___ PROVIDED DATA ___

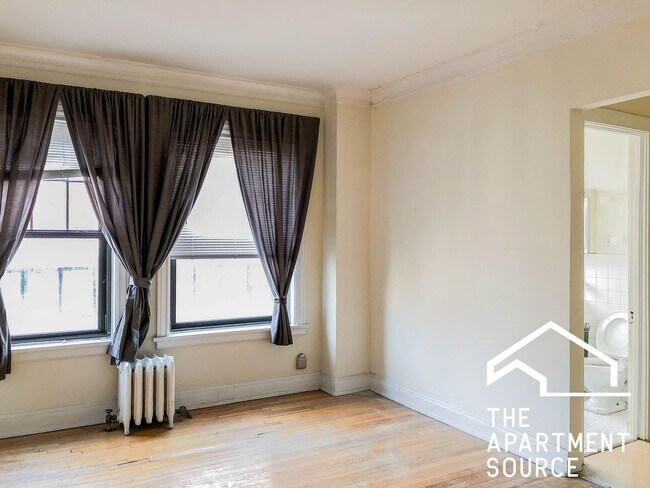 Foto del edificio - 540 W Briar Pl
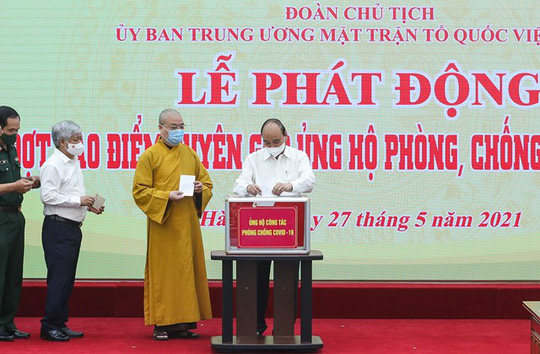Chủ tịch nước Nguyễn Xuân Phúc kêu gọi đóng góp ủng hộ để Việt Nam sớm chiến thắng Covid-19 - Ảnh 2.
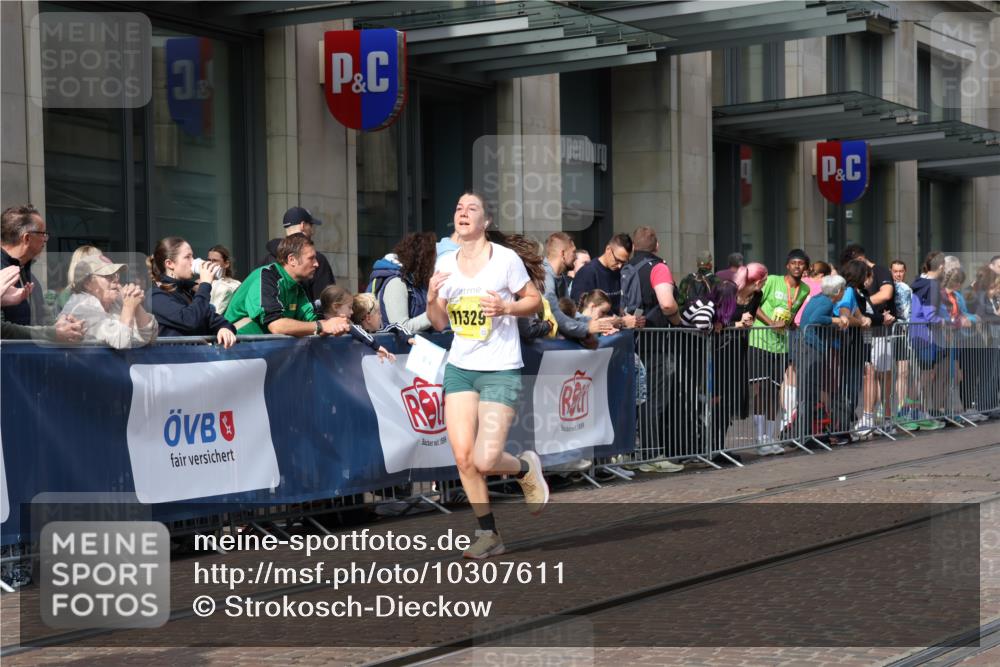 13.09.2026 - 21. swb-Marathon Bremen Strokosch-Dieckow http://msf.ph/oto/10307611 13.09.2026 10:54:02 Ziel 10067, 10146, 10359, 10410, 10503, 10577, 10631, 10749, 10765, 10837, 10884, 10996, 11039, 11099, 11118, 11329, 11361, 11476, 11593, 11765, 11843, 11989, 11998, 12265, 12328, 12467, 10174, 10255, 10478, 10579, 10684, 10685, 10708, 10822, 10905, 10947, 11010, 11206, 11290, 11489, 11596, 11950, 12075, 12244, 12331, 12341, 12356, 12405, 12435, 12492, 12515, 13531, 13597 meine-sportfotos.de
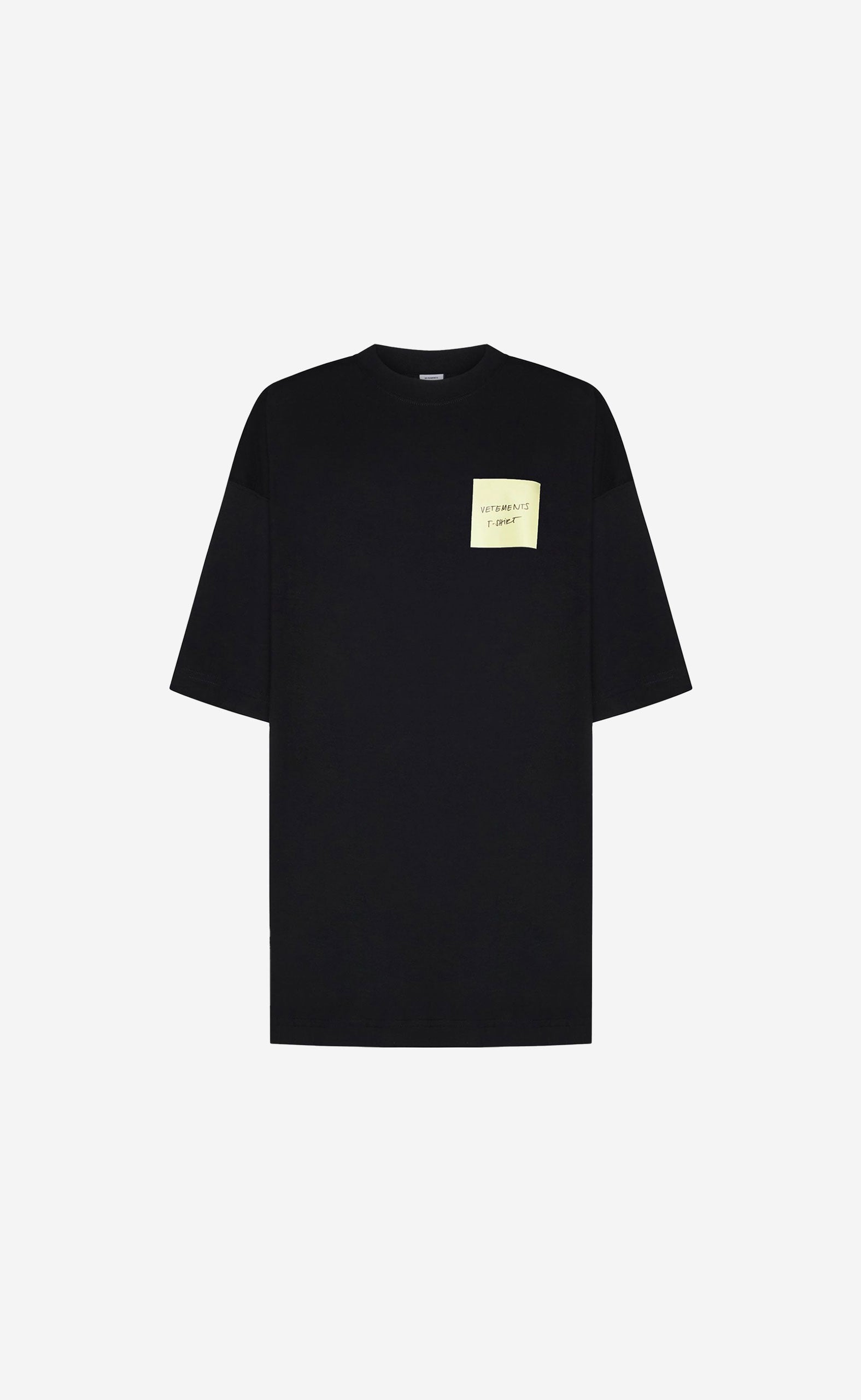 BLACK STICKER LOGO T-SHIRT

___
___ PROVIDED DATA ___

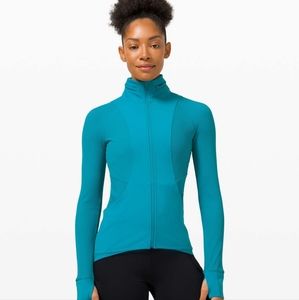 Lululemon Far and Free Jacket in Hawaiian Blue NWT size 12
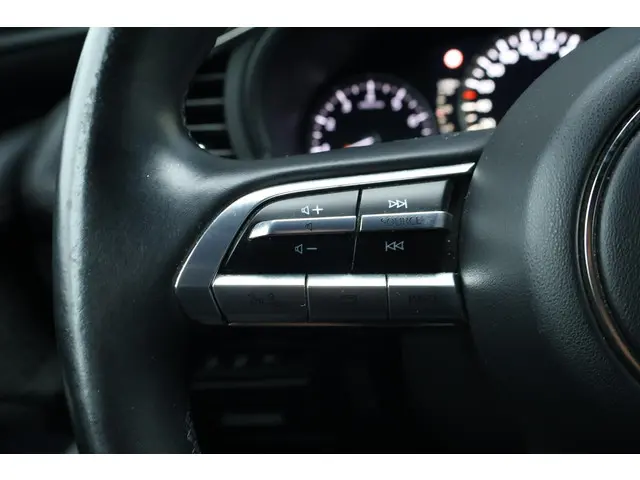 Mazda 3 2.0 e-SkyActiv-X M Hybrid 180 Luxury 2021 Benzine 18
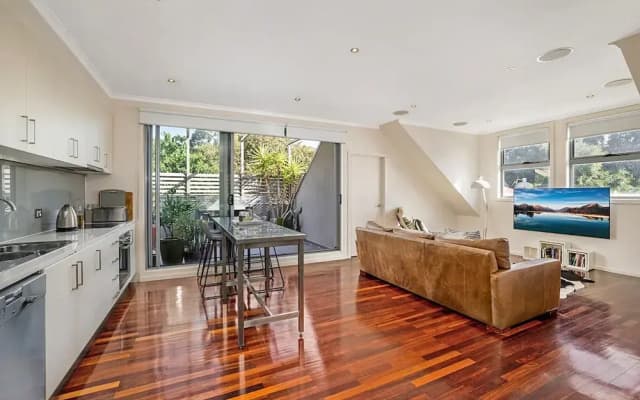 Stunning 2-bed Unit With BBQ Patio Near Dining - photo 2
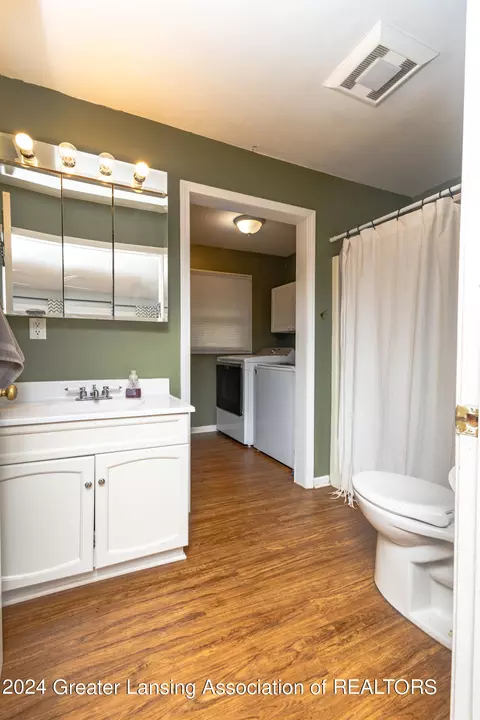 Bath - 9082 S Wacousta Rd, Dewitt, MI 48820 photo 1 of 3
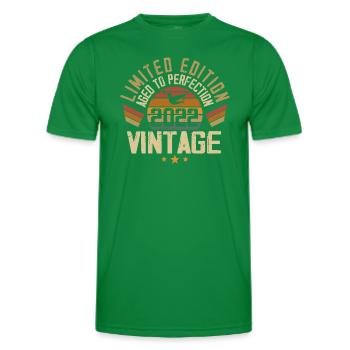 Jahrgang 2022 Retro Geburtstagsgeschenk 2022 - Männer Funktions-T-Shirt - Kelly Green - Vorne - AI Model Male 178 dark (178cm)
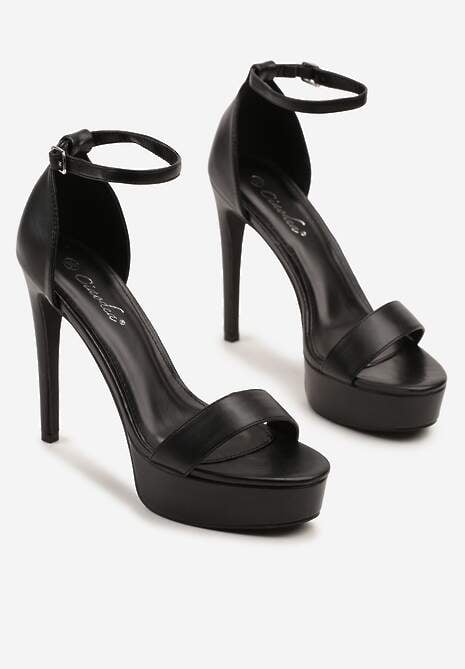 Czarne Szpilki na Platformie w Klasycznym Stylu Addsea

___
___ PROVIDED DATA ___

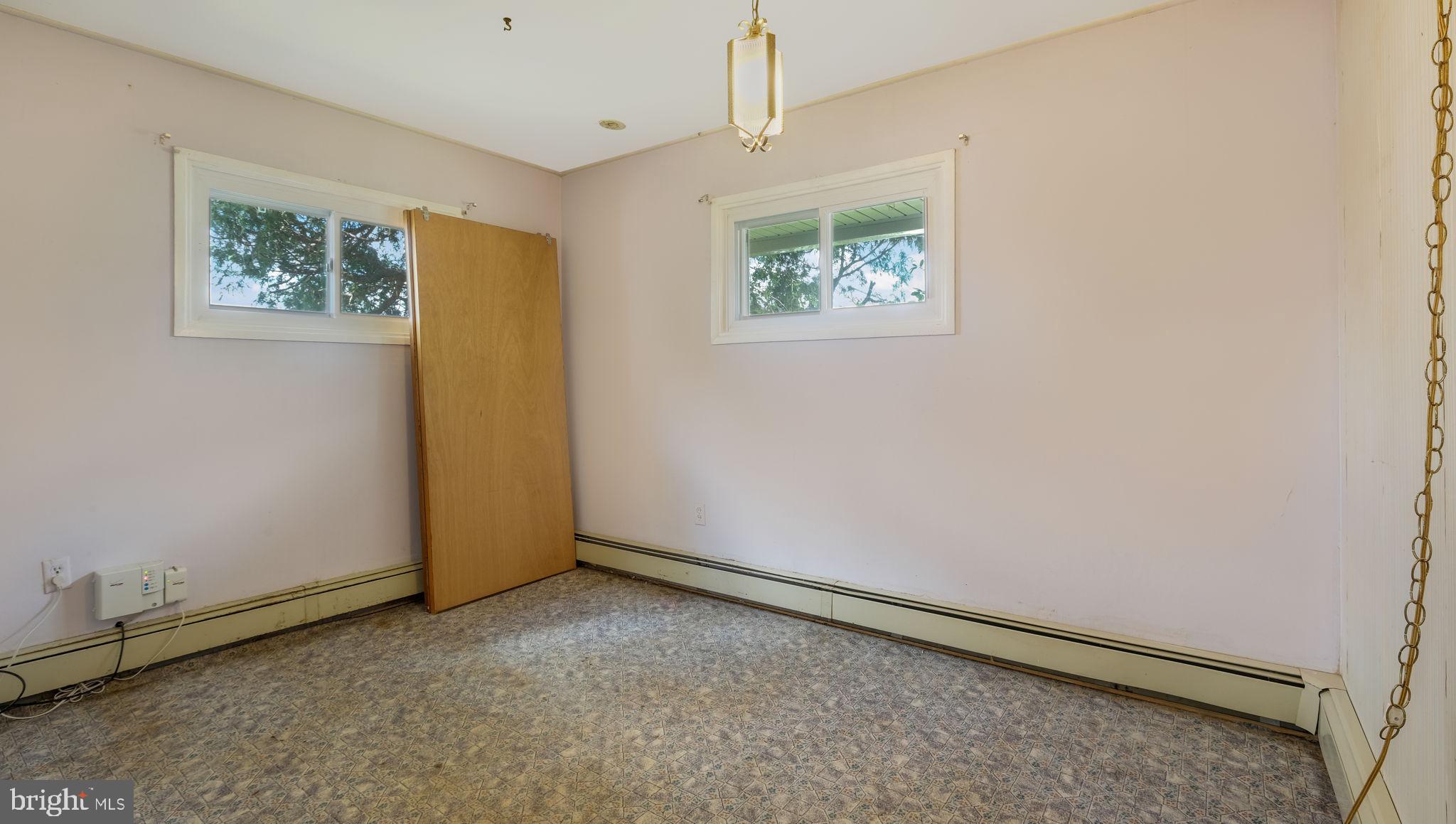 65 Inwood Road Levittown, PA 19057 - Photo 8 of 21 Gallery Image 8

___

■ YOUR TASK:
Only one stretch of the listing is wanted: the lines starting at the one with "Jahrgang 2022 Retro" and ending at the one with "Czarne Szpilki na", copied exactly and free of pictures.

■ SOLUTION TO THIS TASK:
 Jahrgang 2022 Retro Geburtstagsgeschenk 2022 - Männer Funktions-T-Shirt - Kelly Green - Vorne - AI Model Male 178 dark (178cm)
 Czarne Szpilki na Platformie w Klasycznym Stylu Addsea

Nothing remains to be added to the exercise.